More and more financial advisors today are getting involved in a transition from product to process and, as a result, are not just surviving but thriving in the current economy. Advisors who focus on the process of identifying their clients’ needs rather than simply recommending favored products are able to consider their clients’ complete financial situation and deliver solutions from a broad menu of products and services to meet those needs. It’s a win-win long-term for all involved.
As a result, clients look forward to hearing from their advisor because the sales pitches have fallen out of the equation. And, as bonus for the advisor, clients are more likely to provide referrals after establishing a comfortable and positive relationship with their advisor. Clients don’t feel they’ve been taken advantage of when the emphasis is on their overall financial well-being, and they want the same for their family and friends.
At my practice, we have developed a three-part process to determine the best possible financial solution for each individual client:
The discipline of this process has been well received by our clients and has resulted in significant business growth.

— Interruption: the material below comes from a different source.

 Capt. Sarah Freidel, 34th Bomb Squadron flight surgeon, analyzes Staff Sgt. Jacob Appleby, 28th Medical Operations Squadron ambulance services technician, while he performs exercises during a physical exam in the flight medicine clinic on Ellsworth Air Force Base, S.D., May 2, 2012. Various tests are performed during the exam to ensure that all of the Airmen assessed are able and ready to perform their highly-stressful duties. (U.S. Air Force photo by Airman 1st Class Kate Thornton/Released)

Clients appreciate the diligent care we take in their overall financial planning.
In this phase of the process, we take the time to understand a client’s complete financial and personal profile. Intense fact-finding is involved, in which we ask a variety of questions to get a handle on existing assets and liabilities, but also to uncover future scenarios like the cost of weddings for children, a potential inheritance, perhaps the acquisition of vacation property, or the eventual downsizing of the family home. Based on the data we gather, a financial model is created, exhibiting how the client’s goals and objectives will be met over time. We use very conservative assumptions in our models with regard to investment returns, inflation and other variables. Many new clients are shocked to see that they will run out of money based on these assumptions. As such, they modify their financial behavior and pay more attention to how they handle their money. When they return for their annual review, they are always interested to see if they have made positive progress or if further changes are necessary.

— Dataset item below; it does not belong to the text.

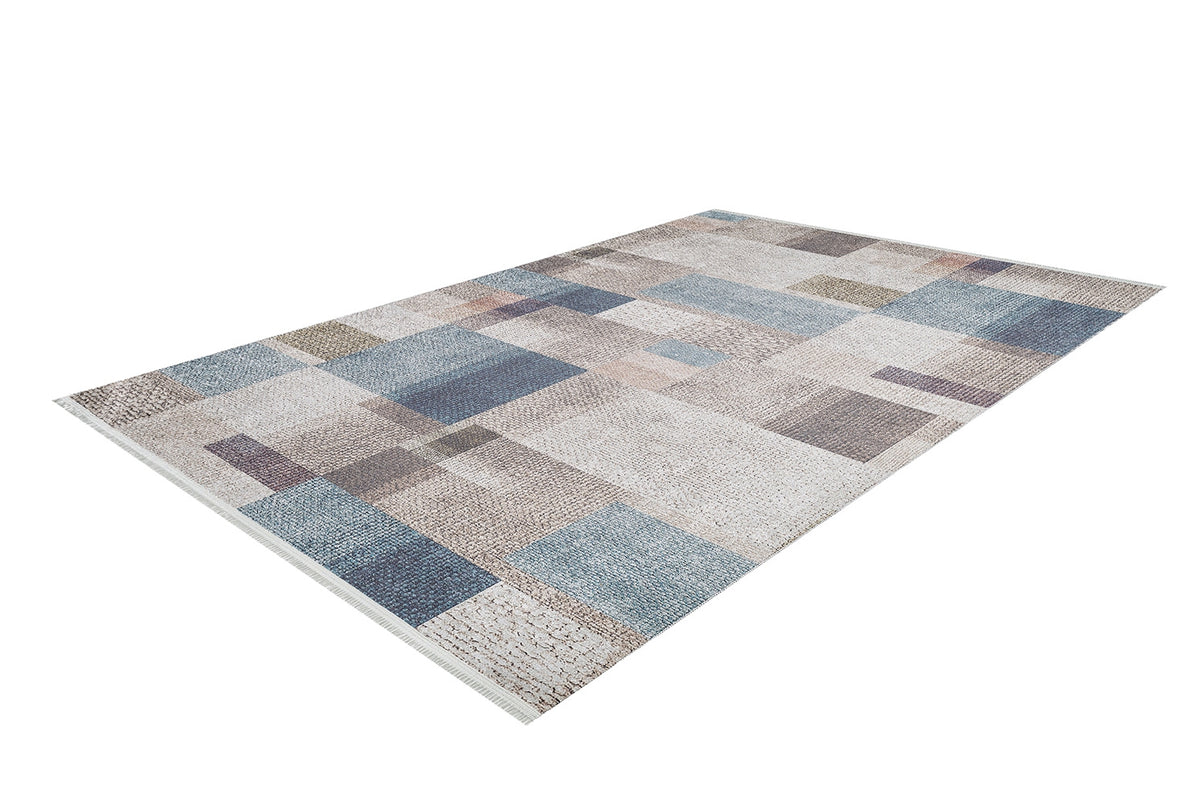 The Classic Check - Washable Rug - JR1955 features a geometric patchwork pattern in blue, beige, gray, and brown. This rectangular rug is ideal for high-traffic areas and is shown on a white background.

This phase is when the advisor will adjust the elements of a client’s program to be more successful. Because this step could be as simple as changing a beneficiary designation or involve a total reworking of the client’s asset allocation or insurance portfolio, we keep our explanation of this part of the process deliberately general to reflect the personal nature of the process. In the previous step — the evaluation phase — the client has come to understand the need for our guidance to meet their objectives, so they are more trusting during this stage and are definitely more receptive to change.
The third element of our process, management, refers to ongoing monitoring of not only the changes in our clients’ objectives, but also adjustments in their timeframe, risk tolerance and several other variables including fluctuations in the economic environment. Eleven months after we introduce the financial model, our clients receive an email from our office, which includes the prior year’s balance sheet, goals and objectives. During the next month, we develop a complete annual review that updates their financial model, reviews their investment portfolio, protection products and any estate planning arrangements. Our clients look forward to these reviews as a refresher and opportunity to reevaluate their plans.

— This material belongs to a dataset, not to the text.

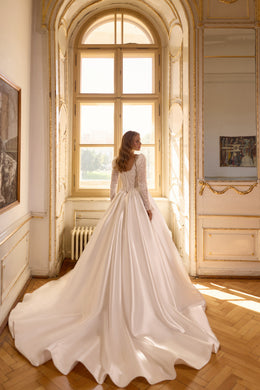 Ivory wedding dress with a full pleated skirt, long sleeves, and a sweeping train seen from the back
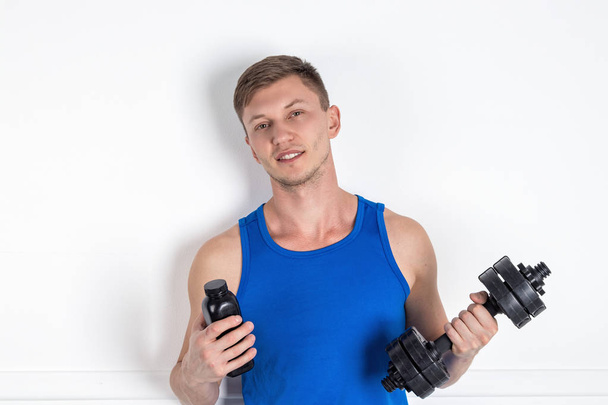 Handsome young man in blue shirt lifting dumbbell. White background - Foto, Imagem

By adhering to this process, our firm is able to identify the products and services we offer to best assist our clients without sales pitches. Our evaluation could reveal the need for long-term care insurance or estate liquidity, for example, or it could identify excessive risk in an investment portfolio. Our financial modeling could point to a lack of discipline, giving us the opportunity to provide value-added guidance. As a result, a product purchase often becomes the by-product of the planning process. There is little or no selling involved; it’s about doing what’s in the best interest of our clients to meet their financial needs.
Advisors who make this transition from product to process develop deeper relationships with their clients and are more likely to get referrals. Best of all, they are able to get more satisfaction out of building their business, while helping clients at the same time.